• _Given information_
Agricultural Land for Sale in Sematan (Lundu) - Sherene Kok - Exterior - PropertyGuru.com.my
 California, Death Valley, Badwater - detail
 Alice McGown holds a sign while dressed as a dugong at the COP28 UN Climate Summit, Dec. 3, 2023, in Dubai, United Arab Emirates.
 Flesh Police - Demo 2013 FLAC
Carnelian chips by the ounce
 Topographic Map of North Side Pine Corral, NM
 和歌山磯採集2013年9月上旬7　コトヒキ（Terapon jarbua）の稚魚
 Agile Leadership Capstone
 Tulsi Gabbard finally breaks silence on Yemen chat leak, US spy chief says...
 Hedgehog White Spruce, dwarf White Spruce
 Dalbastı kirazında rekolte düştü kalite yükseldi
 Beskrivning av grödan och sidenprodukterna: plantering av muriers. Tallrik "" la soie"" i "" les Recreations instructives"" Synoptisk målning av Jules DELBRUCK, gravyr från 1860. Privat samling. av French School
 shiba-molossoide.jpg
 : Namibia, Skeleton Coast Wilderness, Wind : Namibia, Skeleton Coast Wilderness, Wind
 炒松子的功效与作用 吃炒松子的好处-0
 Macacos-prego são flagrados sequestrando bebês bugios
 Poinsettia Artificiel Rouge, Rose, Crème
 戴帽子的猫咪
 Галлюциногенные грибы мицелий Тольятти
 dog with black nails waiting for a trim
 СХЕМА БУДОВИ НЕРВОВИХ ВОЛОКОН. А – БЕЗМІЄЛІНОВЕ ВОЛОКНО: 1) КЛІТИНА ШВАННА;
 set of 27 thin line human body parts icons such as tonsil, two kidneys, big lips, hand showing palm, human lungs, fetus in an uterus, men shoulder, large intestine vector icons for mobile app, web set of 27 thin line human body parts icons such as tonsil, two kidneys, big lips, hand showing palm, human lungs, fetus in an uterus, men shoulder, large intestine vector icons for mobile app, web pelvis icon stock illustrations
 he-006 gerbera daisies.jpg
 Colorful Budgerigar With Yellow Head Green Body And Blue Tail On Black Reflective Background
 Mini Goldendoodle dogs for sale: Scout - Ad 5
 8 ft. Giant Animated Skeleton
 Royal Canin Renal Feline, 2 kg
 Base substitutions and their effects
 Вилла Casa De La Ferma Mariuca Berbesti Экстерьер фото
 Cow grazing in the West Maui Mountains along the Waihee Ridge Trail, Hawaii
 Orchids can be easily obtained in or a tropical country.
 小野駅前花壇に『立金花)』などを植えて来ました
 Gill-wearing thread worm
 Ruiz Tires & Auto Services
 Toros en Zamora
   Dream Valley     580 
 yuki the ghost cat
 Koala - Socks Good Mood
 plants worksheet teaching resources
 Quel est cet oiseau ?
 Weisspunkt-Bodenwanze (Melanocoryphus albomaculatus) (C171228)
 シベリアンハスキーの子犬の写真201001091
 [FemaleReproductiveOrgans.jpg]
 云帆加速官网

• _Your task_
The records shown above are to be copied exactly, every one of them.

• _Answer to this problem_
Agricultural Land for Sale in Sematan (Lundu) - Sherene Kok - Exterior - PropertyGuru.com.my
 California, Death Valley, Badwater - detail
 Alice McGown holds a sign while dressed as a dugong at the COP28 UN Climate Summit, Dec. 3, 2023, in Dubai, United Arab Emirates.
 Flesh Police - Demo 2013 FLAC
Carnelian chips by the ounce
 Topographic Map of North Side Pine Corral, NM
 和歌山磯採集2013年9月上旬7　コトヒキ（Terapon jarbua）の稚魚
 Agile Leadership Capstone
 Tulsi Gabbard finally breaks silence on Yemen chat leak, US spy chief says...
 Hedgehog White Spruce, dwarf White Spruce
 Dalbastı kirazında rekolte düştü kalite yükseldi
 Beskrivning av grödan och sidenprodukterna: plantering av muriers. Tallrik "" la soie"" i "" les Recreations instructives"" Synoptisk målning av Jules DELBRUCK, gravyr från 1860. Privat samling. av French School
 shiba-molossoide.jpg
 : Namibia, Skeleton Coast Wilderness, Wind : Namibia, Skeleton Coast Wilderness, Wind
 炒松子的功效与作用 吃炒松子的好处-0
 Macacos-prego são flagrados sequestrando bebês bugios
 Poinsettia Artificiel Rouge, Rose, Crème
 戴帽子的猫咪
 Галлюциногенные грибы мицелий Тольятти
 dog with black nails waiting for a trim
 СХЕМА БУДОВИ НЕРВОВИХ ВОЛОКОН. А – БЕЗМІЄЛІНОВЕ ВОЛОКНО: 1) КЛІТИНА ШВАННА;
 set of 27 thin line human body parts icons such as tonsil, two kidneys, big lips, hand showing palm, human lungs, fetus in an uterus, men shoulder, large intestine vector icons for mobile app, web set of 27 thin line human body parts icons such as tonsil, two kidneys, big lips, hand showing palm, human lungs, fetus in an uterus, men shoulder, large intestine vector icons for mobile app, web pelvis icon stock illustrations
 he-006 gerbera daisies.jpg
 Colorful Budgerigar With Yellow Head Green Body And Blue Tail On Black Reflective Background
 Mini Goldendoodle dogs for sale: Scout - Ad 5
 8 ft. Giant Animated Skeleton
 Royal Canin Renal Feline, 2 kg
 Base substitutions and their effects
 Вилла Casa De La Ferma Mariuca Berbesti Экстерьер фото
 Cow grazing in the West Maui Mountains along the Waihee Ridge Trail, Hawaii
 Orchids can be easily obtained in or a tropical country.
 小野駅前花壇に『立金花)』などを植えて来ました
 Gill-wearing thread worm
 Ruiz Tires & Auto Services
 Toros en Zamora
   Dream Valley     580 
 yuki the ghost cat
 Koala - Socks Good Mood
 plants worksheet teaching resources
 Quel est cet oiseau ?
 Weisspunkt-Bodenwanze (Melanocoryphus albomaculatus) (C171228)
 シベリアンハスキーの子犬の写真201001091
 [FemaleReproductiveOrgans.jpg]
 云帆加速官网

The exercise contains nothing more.